Os estudos de gênero vinculados aos movimentos sociais permitiram o questionamento político e o processo de reflexão crítica sobre a situação das mulheres nas sociedades modernas. Posteriormente, esses estudos romperam com o paradigma de apenas compreender a condição das mulheres, propondo-se a refletir sobre os processos de construção da feminilidade e da masculinidade, e suas relações com a sexualidade e a representação dos corpos.

Tais estudos problematizaram a sexualidade e o gênero, com o intuito de romper com a visão binária, já mencionada (dois sexos e dois gêneros) e biologista, ou seja, quem nasce com uma genitália feminina terá, necessariamente, desejos sexuais por homens e se adequará às expectativas do gênero feminino. A problematização desses conceitos busca questionar as classificações sociais que padronizam gênero, sexualidade e corpo, compreendendo que existem identidades que não se enquadram aos padrões tradicionais dominantes. Assim, nem todas as mudanças de gênero indicam, necessariamente, mudanças no plano da sexualidade dos indivíduos e vice-versa.

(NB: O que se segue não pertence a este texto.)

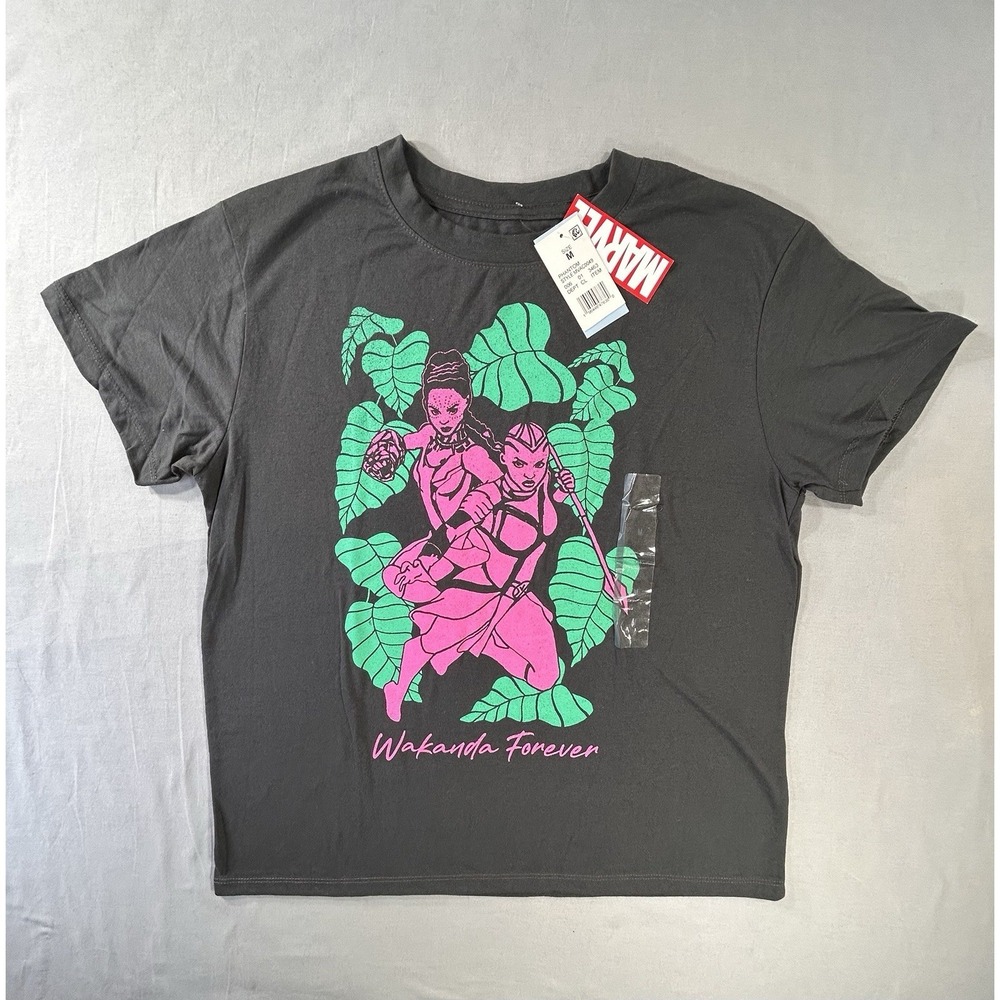 Marvel‎ Wakanda Forever Dora Milaje Women's Medium Shirt Loose Fit New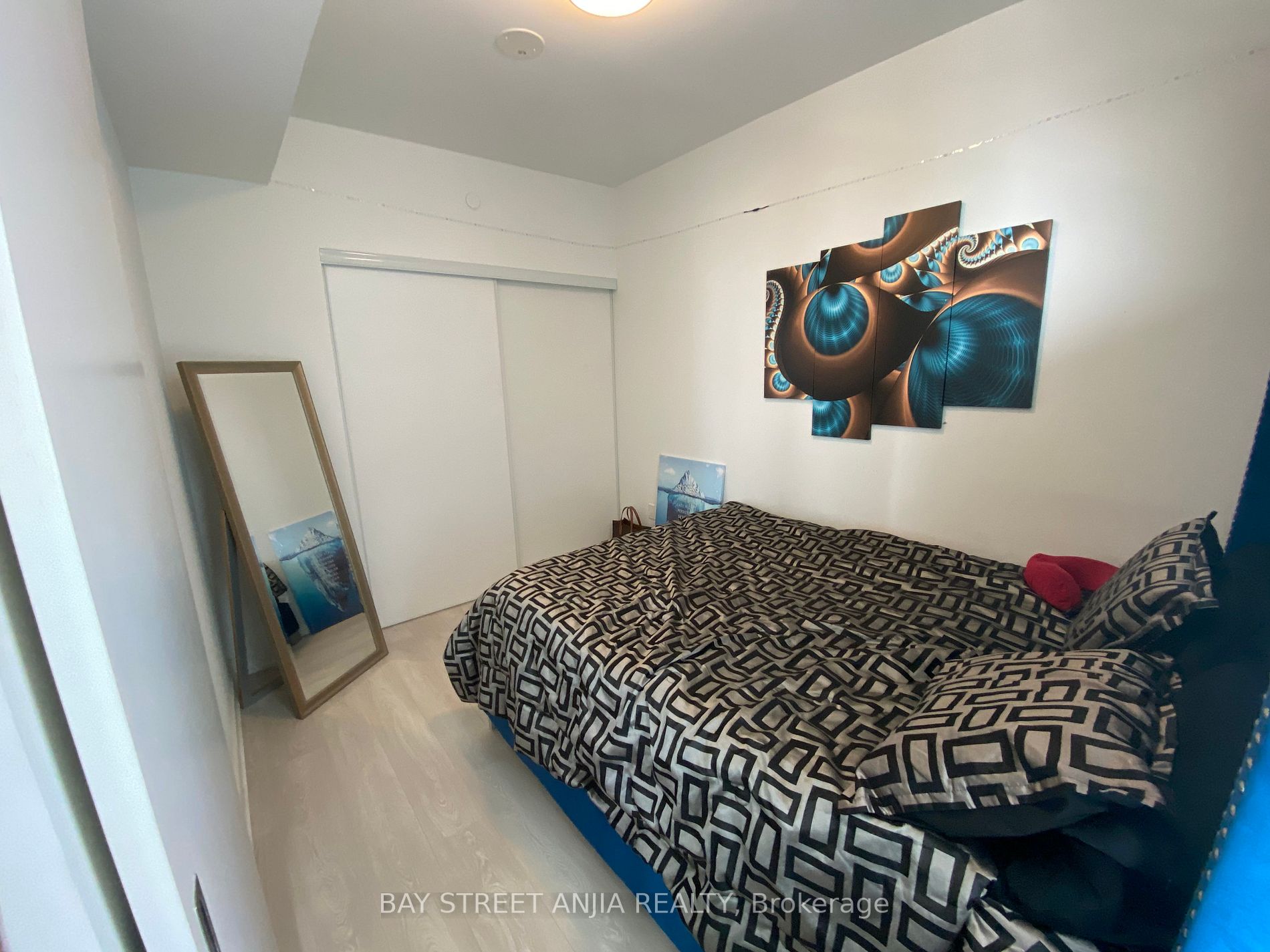 15 Queens Quay E #408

De acordo com Louro (1999), a produção dos sujeitos está articulada às relações de poder que vigoram como “naturais” e que apresentam as diferenças como estigmas: ser gordo, ser pobre, ser velho, ser homossexual, ser mulher, etc. Estes estigmas geram discriminações e limitam as possibilidades de inclusão dos sujeitos na escola, bem como, afetam suas possibilidades de aprendizagem, entre outras conseqüências sociais, culturais, econômicas e éticas.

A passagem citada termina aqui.